Options which I have included in it, are following:
Compulsory Options:
-H  (This is for Bin Directory location, utility will use psql command of PG Instance )
-b  (Directory where user wants to keep the backup)
-p  (Port number of PG Instance)
-U username (Username)
-P passwd   (Password).
Some other options:
-a: Archive Only Option [1|0]
-r: Retention Policy [ in days ]
-l: List Backups
-n: Backup File Name
-v: Validate Only [1|0]
-R: Retention Only [|0]
\?: Help
So, I have all the options with me.

Now, lets understand what do we need:
1. We need a catalog file, in which utility can keep the backups information and validate the information as per new backups and retention policy.
If same binaries are getting used, I have preferred to keep that catalog file in Binary location.
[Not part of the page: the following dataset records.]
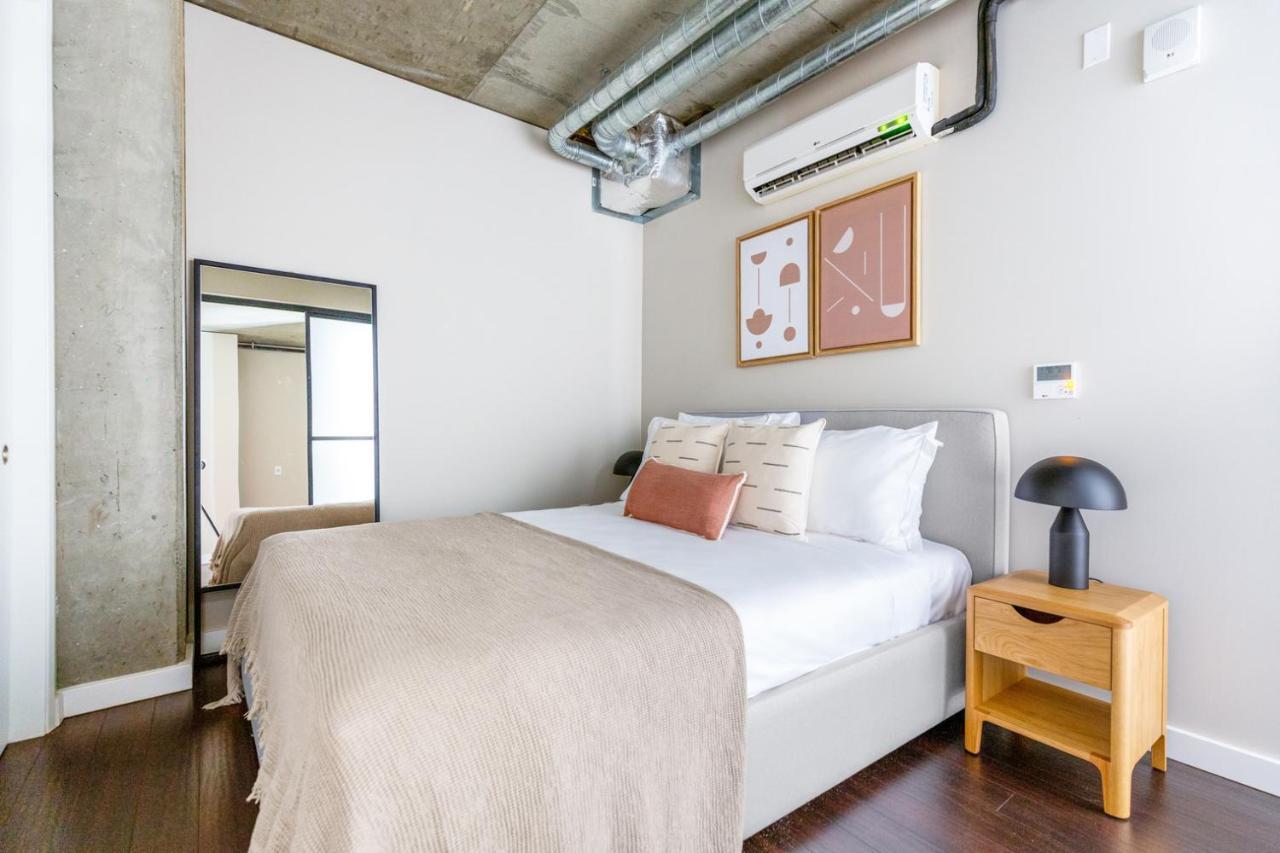Downtown 1br W Gym Wd Walkable Location Sea-49 Seattle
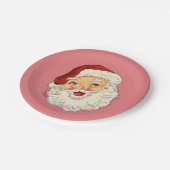 Santa No. 6 Bord papier (Gekanteld)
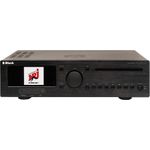 Audioblock Heimkino-Receiver Saphirschwarz CVR-200 AV sap-sw (AB10234-02) (geöffnet)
2. A function, which can update the catalog file with each backup of archive/hotbackup backup:
Following is a code which can help to achieve this objective
 updatecatalog()
  {
 BCKLIST=`ls -1 $BIN/.$port*` 2>/dev/null
 if [ $? -ne 0 ];then
                echo "No Catalog Found! Please check the Home Director and Backup Directory"
                exit 1
        fi
 if [ -f /tmp/list ];then
  echo "Nothing to Update"
  exit
 fi
 for i in `cat /tmp/list`
 do
  cat $BCKLIST|awk -F';' '{if ($1==$i){printf "%s;%s;%s;%s;%s;%s;",$1,$2,$3,$4,$5,"Expired";}else {printf "%s;%s;%s;%s;%s;%s;",$1,$2,$3,$4,$5,$6}'>>/tmp/newcatlog
 done
 if [ -f /tmp/newcatlog ];then
  cat /tmp/newcatlog>$BCKLIST
  rm /tmp/newcatlog
 fi
 rm /tmp/list 2>/dev/null
 echo "Update Catalog is successful!"
  }
3. A function which can validate the backups, with every backups. Validation function should validate the backup information in catalog i.e it should check if the backups are available in defined destination or not.
Following is a Validation backup Function:
/dev/null
 if [ $? -ne 0 ];then
  echo "No catalog Available for Mentioned Bin and Cluster"
  exit 0
 fi
  for i in `cat $BCKLIST|awk -F';' '{print $1}'`
 do 
    ls -1 $BCKDIR/$i 2> /dev/null
    if [ $? -ne 0 ];then
  cat $BCKLIST|grep -v $i >/tmp/valcatalog.log
  cat /tmp/valcatalog >$BCKLIST
    fi
 done
 rm /tmp/valcatalog.log 2>/dev/null
 echo "All Backups has been validated!" 
   
   }
4. With this we would also need a function which can implement some retention policy on backup. i.e of how many days backup which user wants to keep:
 backup_retention()
  {
 if [ -z $RETENTION ];then
  echo "No retention days..."
  echo "Skipping the retention.."
  return 0
       else
  find $BCKDIR -mtime +$RETENTION -exec ls {} \; >/tmp/list;
  find $BCKDIR -mtime +$RETENTION -exec rm {} \;
 fi
 echo "Updating Catalog.."
 validate_backups
 updatecatalog
 }


With retention, policy above function will also update the catalog information.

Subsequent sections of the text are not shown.